Getz G, Levine E, Domany E
Department of Physics of Complex Systems, Weizmann Institute of Science, Rehovot 76100, Israel.
Proc Natl Acad Sci U S A. 2000 Oct 24;97(22):12079-84. doi: 10.1073/pnas.210134797.
We present a coupled two-way clustering approach to gene microarray data analysis. The main idea is to identify subsets of the genes and samples, such that when one of these is used to cluster the other, stable and significant partitions emerge. The search for such subsets is a computationally complex task. We present an algorithm, based on iterative clustering, that performs such a search. This analysis is especially suitable for gene microarray data, where the contributions of a variety of biological mechanisms to the gene expression levels are entangled in a large body of experimental data. The method was applied to two gene microarray data sets, on colon cancer and leukemia. By identifying relevant subsets of the data and focusing on them we were able to discover partitions and correlations that were masked and hidden when the full dataset was used in the analysis. Some of these partitions have clear biological interpretation; others can serve to identify possible directions for future research.
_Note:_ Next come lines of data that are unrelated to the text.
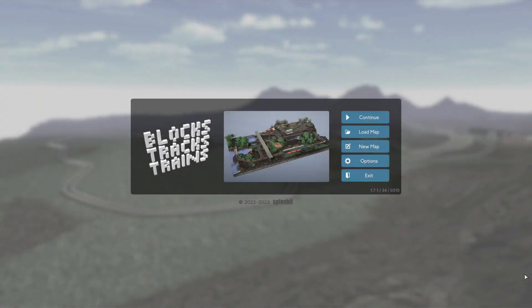Welcome to Blox Tracks Trains. Please join me for a short instruction video.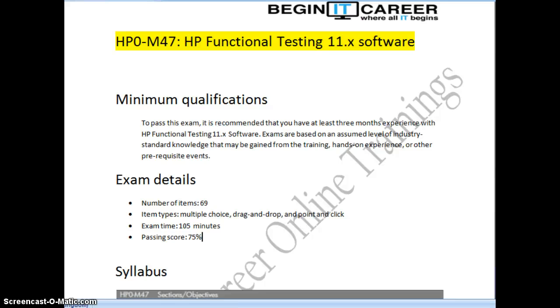Welcome to Beginner IT Career Online Trainings. Today let us see the process for doing QTP or UFT certification.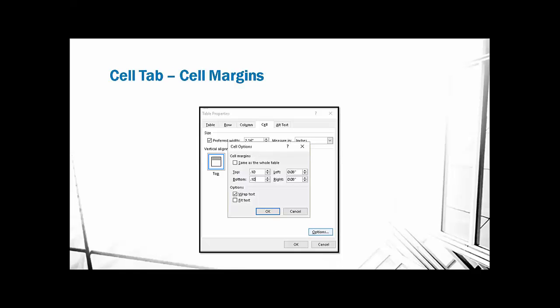To add space above or below text in a table, select the entire table, go to Table Properties, Cell tab, press Alt+O for the Options button to open the cell margins dialog. Uncheck the checkbox to make all margins even, then use point values such as .10 or .15 at the top and bottom — don't use whole numbers or Word will give you an error. This is how you create breathing room in a table without pressing Enter.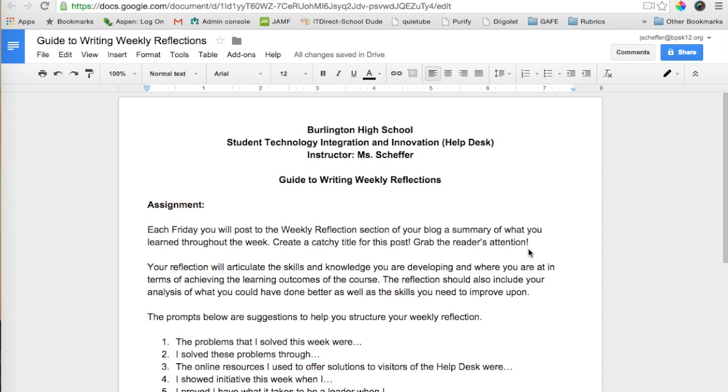Hey everyone, this is Jen Scheffer, Mobile Learning Coach for Burlington Public Schools, and today I want to show you how to take advantage of a relatively new Google Chrome extension that I think you will love, especially if you're using Google Classroom, which many of you are. It is called the Share to Classroom extension, so I'm going to show you how to first get it.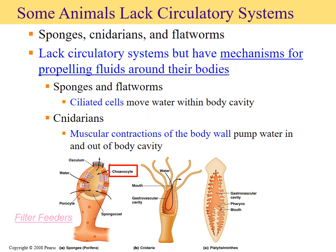Before looking at different animal models with open and closed circulatory systems, let's take a look at some that actually lack a circulatory system. In the illustration you can see representatives of sponges, cnidaria, and flatworms — three categories of animals that do not have a circulatory system. They do have a mechanism to move fluids throughout their body, but it is by no means a specialized system.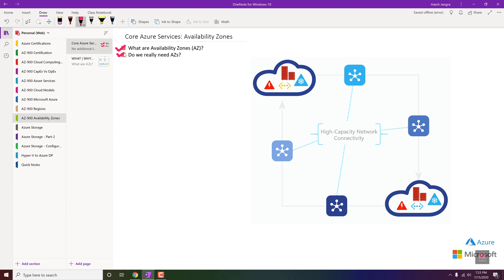In this video I'm not going to cover a full practical for availability zones, but I will show you where you can choose them when deploying infrastructure, so you have an overall idea of the available options when deploying a virtual machine. The upcoming video will include a complete deployment of a web server using availability zones.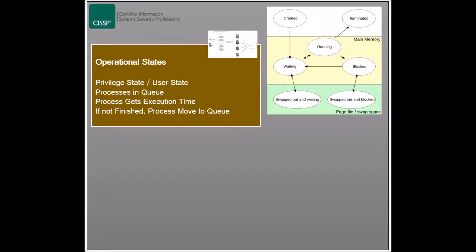Processes in an operating system are usually put in a queue, where each process is executed when the operating system becomes available. When new processes are created, they are added to the queue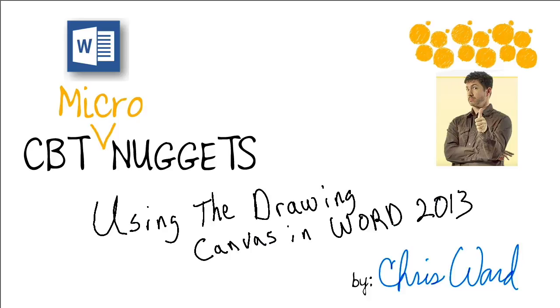Hey folks, it's Chris Ward, and this is the CBT Micronuggets from the Word 2013 series on using the drawing canvas in Word 2013.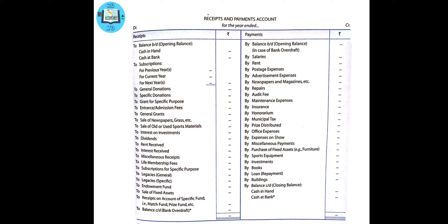For example, consider the president of a country club or lions club. When they become president, they carry out activities but are never paid for that. At the end of the year, they are given some respect, and that respect is termed as honorarium.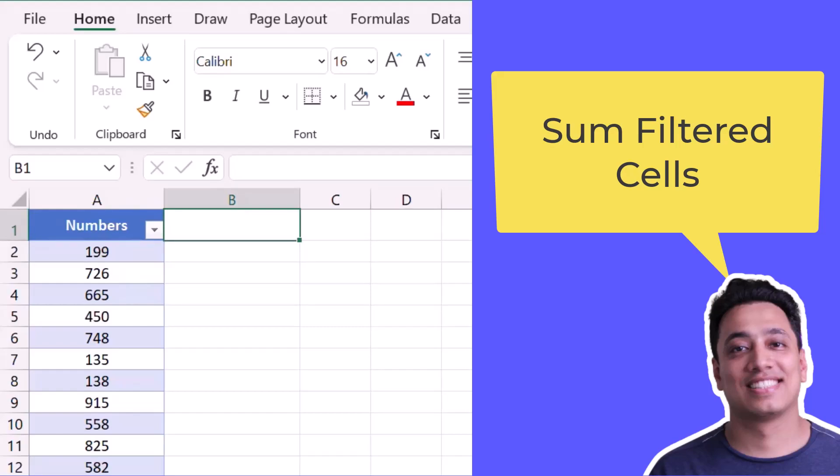So what I want here is a formula that can change the sum value according to the filter I apply.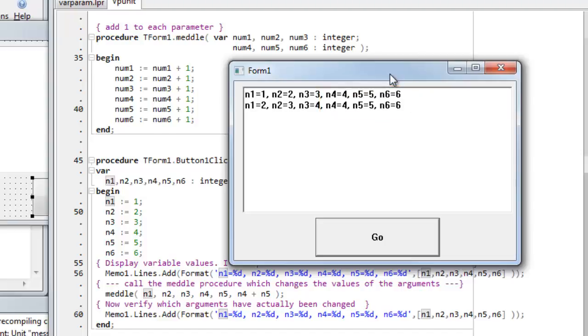So that's a very important distinction to understand between var parameters that are passed by reference, and non-var parameters, which are passed by value and are copies of the original values.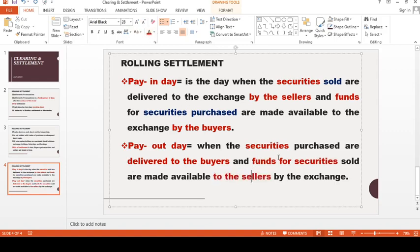So to summarize: pay-in day is the day when something comes into the stock exchange — securities brought by the sellers and funds brought by the buyers. Payout day is the day when something goes out of the stock exchange — securities are made available to the buyers because they have purchased them, and funds are made available to the sellers because they have sold the securities.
我们提出了一种用于基因微阵列数据分析的双向耦合聚类方法。其主要思想是识别基因和样本的子集,使得当其中一个用于对另一个进行聚类时,能够出现稳定且显著的划分。寻找这样的子集是一项计算复杂的任务。我们提出了一种基于迭代聚类的算法来执行这种搜索。这种分析特别适用于基因微阵列数据,在这类数据中,多种生物学机制对基因表达水平的贡献在大量实验数据中相互交织。该方法应用于两个基因微阵列数据集,分别是结肠癌和白血病数据集。通过识别数据的相关子集并专注于它们,我们能够发现当使用完整数据集进行分析时被掩盖和隐藏的划分及相关性。其中一些划分具有明确的生物学解释;其他划分则有助于确定未来研究的可能方向。